Hold your place in 2nd Corinthians and turn with me in your Bible to the Book of Ephesians.
Ephesians 4:1-6
Paul implores the believers in the church at Ephesus to “walk in a manner worthy of the calling with which you have been called.” What is that worthy manner of life? What is considered to be the bare minimum or the minimum requirement for you to be considered walking in a manner worthy of your calling in Christ? It is unity in all things, but not only unity in all things but unity with all humility and gentleness, with patience, showing tolerance for one another in love.
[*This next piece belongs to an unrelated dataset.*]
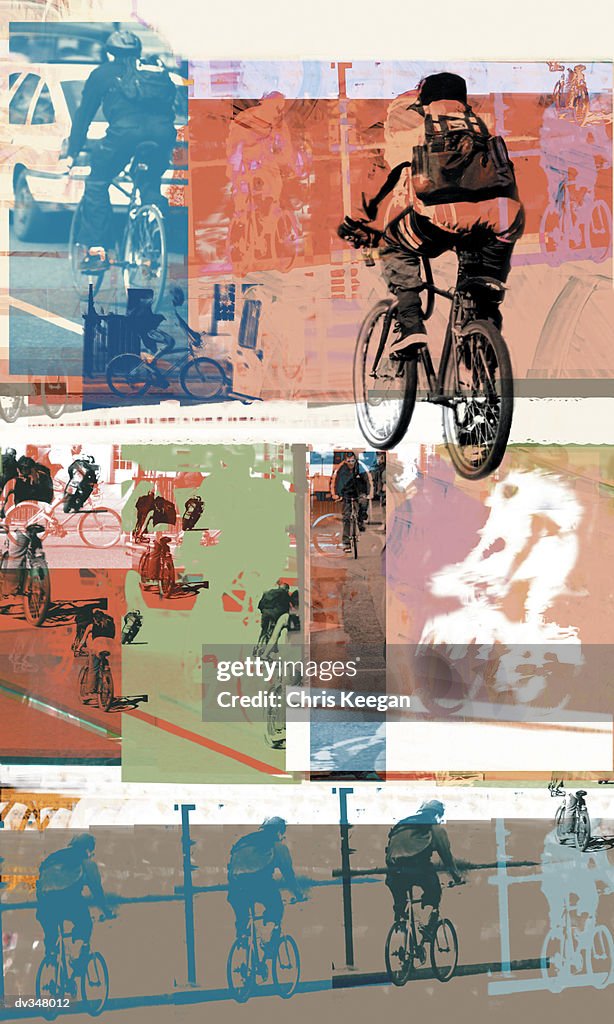 Superimposed images of bike messengers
Our union in Christ demands practical unity in our relationships and interactions with one another. Relationships and interactions that are inherently and obviously marked by humility instead of self-promotion and self-importance. Relationships and interactions that are overtly marked by gentleness instead of asserting and assigning fault for why you have been offended. Relationships and interactions that exude and express divine patience with one another instead of demanding restitution for the offence made. Relationships and interactions that are saturated with supernatural tolerance for one another’s faults, and one another’s careless words, and one another’s insensitive actions, and one another’s indifferent attitudes, and one another’s everything else about being human. And in all of these things to be overwhelmingly covered with the love of Christ that has been lavished on each of us.
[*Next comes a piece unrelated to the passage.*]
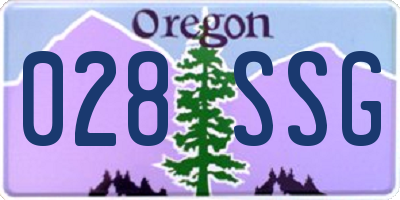 OR license plate 028SSG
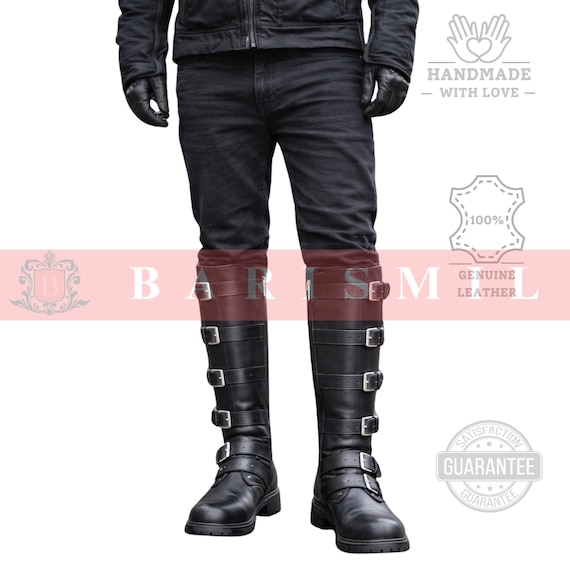 Men's Genuine Leather Tall Biker Boots | Buckle Straps, Gothic Riding Style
We must be diligent to preserve the unity of the Spirit instead of being diligent in defending our self-importance and making sure that the offending party is called out and gets their just due. We must be diligent in pursuing the bond of peace instead of being diligent in stirring the pot and stoking the fire until we have exacted our own brand of vengeance. We are of one body, one Holy Spirit, called in one hope, under one Lord, one faith, one baptism, one God and Father of all who is over all and through all and in all.
This is union with Christ and in Christ, in which there is absolutely no room for petty offences. How can we have such a unifying and divine foundation and at the same time get offended with one another regardless of how severe the offence could be, let alone in the issues that are so amazingly unimportant in the grand scheme of things?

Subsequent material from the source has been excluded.